More than 80% of adults 60 years and older in Illinois had no dental insurance, and more than a quarter said their oral health was only fair or poor in a recent study, published in the Journal of Dental Hygiene.
Sherri Lukes, RDH, and co-authors surveyed more than 400 seniors throughout Illinois. The authors reported that, besides four-fifths of seniors having no dental insurance, 13% were edentulous, and only more than half (58%) claimed to have had a dental visit in the last year. Lukes is an associate professor emeritus at the Southern Illinois University Dental Hygiene Program in Carbondale, and is also president-elect and chair of the Illinois Dental Hygienists' Association Public Health Committee.
In an interview with DrBicuspid.com, Lukes said, unfortunately, she was not surprised by the results.

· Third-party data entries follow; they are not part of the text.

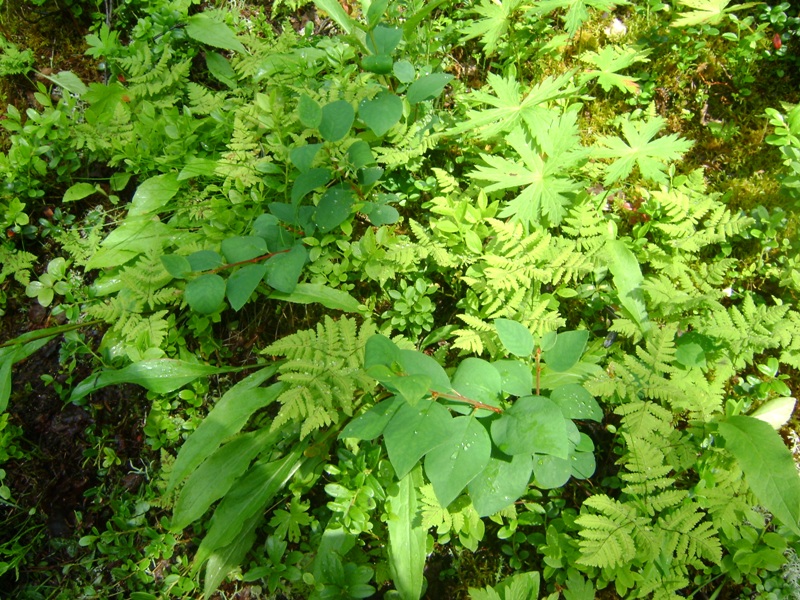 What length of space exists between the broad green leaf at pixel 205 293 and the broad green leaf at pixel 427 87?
1.21 m

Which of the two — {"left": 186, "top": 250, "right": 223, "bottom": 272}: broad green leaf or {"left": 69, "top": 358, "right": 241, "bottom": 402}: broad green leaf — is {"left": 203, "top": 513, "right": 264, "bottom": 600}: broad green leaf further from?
{"left": 186, "top": 250, "right": 223, "bottom": 272}: broad green leaf

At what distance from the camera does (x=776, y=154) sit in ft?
8.42

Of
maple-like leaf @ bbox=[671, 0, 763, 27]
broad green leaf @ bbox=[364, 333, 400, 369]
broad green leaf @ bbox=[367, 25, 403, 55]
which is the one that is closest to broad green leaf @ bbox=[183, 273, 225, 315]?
broad green leaf @ bbox=[364, 333, 400, 369]

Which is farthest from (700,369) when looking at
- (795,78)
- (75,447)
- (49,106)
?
(49,106)

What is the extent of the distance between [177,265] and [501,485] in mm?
1629

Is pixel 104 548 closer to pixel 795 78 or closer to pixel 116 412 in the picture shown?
A: pixel 116 412

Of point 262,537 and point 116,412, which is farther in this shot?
point 116,412

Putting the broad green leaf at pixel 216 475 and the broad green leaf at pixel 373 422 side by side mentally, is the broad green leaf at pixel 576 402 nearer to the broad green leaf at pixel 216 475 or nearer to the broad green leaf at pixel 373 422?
the broad green leaf at pixel 373 422

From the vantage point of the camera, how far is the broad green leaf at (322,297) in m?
2.43

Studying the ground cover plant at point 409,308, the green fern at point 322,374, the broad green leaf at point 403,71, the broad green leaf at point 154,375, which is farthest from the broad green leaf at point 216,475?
the broad green leaf at point 403,71

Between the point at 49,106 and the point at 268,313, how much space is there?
73.4 inches

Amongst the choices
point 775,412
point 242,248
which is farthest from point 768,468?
point 242,248

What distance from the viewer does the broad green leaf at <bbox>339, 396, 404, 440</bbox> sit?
70.6 inches

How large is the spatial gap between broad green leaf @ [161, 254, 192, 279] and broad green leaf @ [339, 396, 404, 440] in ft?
3.57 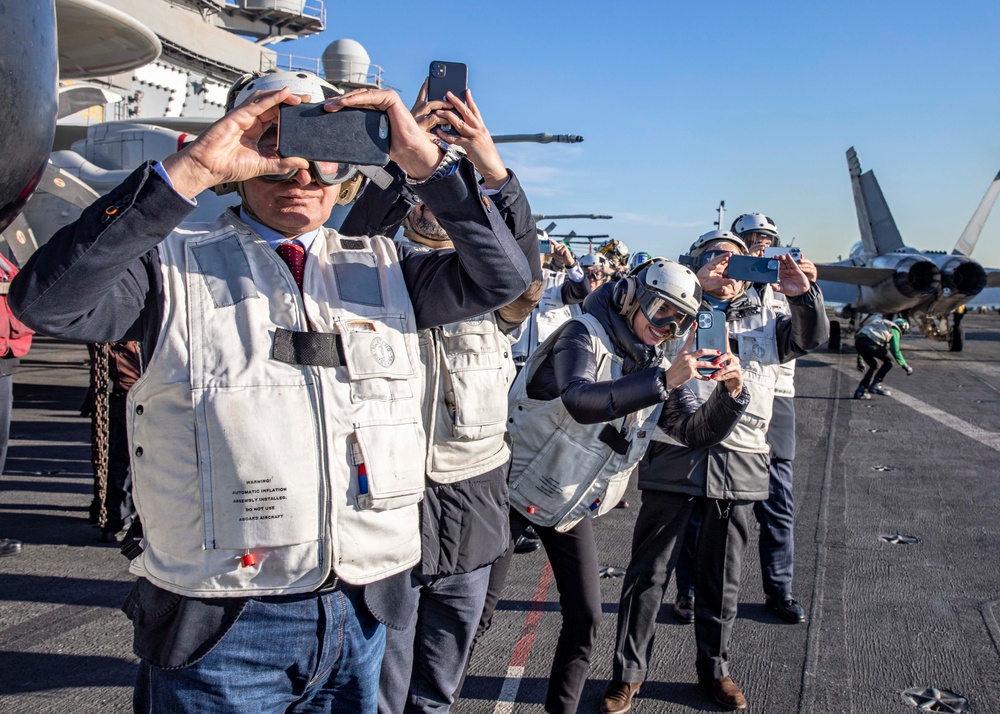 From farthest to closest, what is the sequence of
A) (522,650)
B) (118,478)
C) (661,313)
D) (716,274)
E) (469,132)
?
(118,478)
(522,650)
(716,274)
(661,313)
(469,132)

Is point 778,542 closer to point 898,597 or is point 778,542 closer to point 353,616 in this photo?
point 898,597

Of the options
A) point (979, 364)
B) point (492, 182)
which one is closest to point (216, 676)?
point (492, 182)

"Actually, I was not surprised at all," she said.
The number of those older adults without dental insurance is probably even higher, she noted.
"[The results were] higher than the national average (more than 80%)," she said. "But I think the number is actually higher than what was reported because some people responded that they had dental insurance and they put Medicare. But as we know, Medicare doesn't cover dental. "
In the study, a total of 26% rated their oral health as fair or poor, while 29% had untreated caries (J Dent Hyg, August 2014, Vol. 88:4, pp. 250-258). Suspicious oral lesions were present in 14% of the 308 older adults surveyed.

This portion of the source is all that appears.